The best of intentions; the worst of plans
The stimulus package that Congress and President Obama passed in 2009 was supposed to be the gift that kept on giving, but too often it has proved to the gift that keeps on taking.
That is the conclusion, at least, of a recent Politico investigation into stimulus money that was intended to expand broadband coverage to America’s rural communities, which sorely lack quality Internet access. The story goes back to the creation of the Rural Utilities Service during the Great Depression. Originally the agency was tasked with bringing electricity to rural areas that weren’t being serviced by private companies. Through the stimulus package and in response to the “Great Recession,” the agency has attempted to pull off a similar feat in the digital age by bringing the modern advances of high-speed Internet access to America’s countryside.
A key part of President Barack Obama’s blueprint of recovery involved bringing quality broadband to farmers and remote businesses so that they could compete in a global, digital economy. In 2011 RUS was awarded $3.5 billion in aid to service sparsely populated, hard-to-reach areas.
Four years and four directors later, however, Politico concluded that “RUS never found its footing in the digital age.” The report points to misfires and cronyism at every turn: the agency funded networks in well-wired population centers, poor management led to project stumbles and failures, borrowers defaulted on loans, and all along lawmakers suppressed their doubts and gave the agency political cover.
The agency initially projected in 2011 that its “investments in broadband will connect nearly 7 million rural Americans.” It boasted of accomplishing this through nearly 300 projects that it approved through the stimulus package.
Many of those projects, however, have not come to fruition. RUS has quietly killed 42 of them, and with the agency required to “substantially complete” construction on the remaining projects before the end of September, 2015, it finds itself in a race against the clock. Politico found that about half of the infrastructure projects given the green light by RUS have not drawn their full funding.

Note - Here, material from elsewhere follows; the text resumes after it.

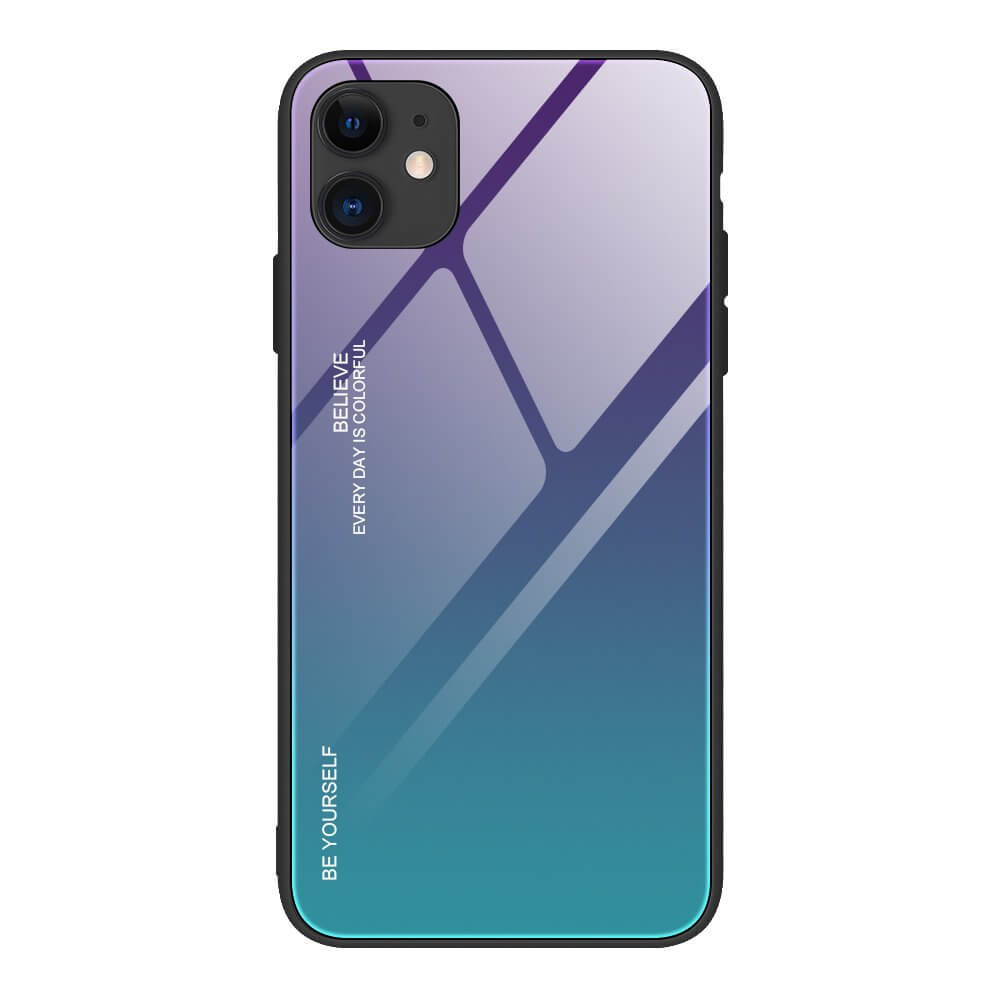 Husa iPhone 12 Pro / iPhone 12, Gradient Glass Durable, Spate din Sticla Securizata, Verde / Violet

As a result, $277 million in potential investments could end up being returned to the Treasury, representing at best a huge waste of time for the stimulus funds. RUS gradually lowered its original estimate of how many homes will benefit from its projects from 7 million down to 728,000 in March of 2014, and now won’t even list a figure. Even worse, it is unclear how many people have received improved Internet access, because the agency can’t tell exactly who its stimulus dollars have served.
In short, the government’s attempts to invest in services in places neglected by private companies have been nothing short of a boondoggle.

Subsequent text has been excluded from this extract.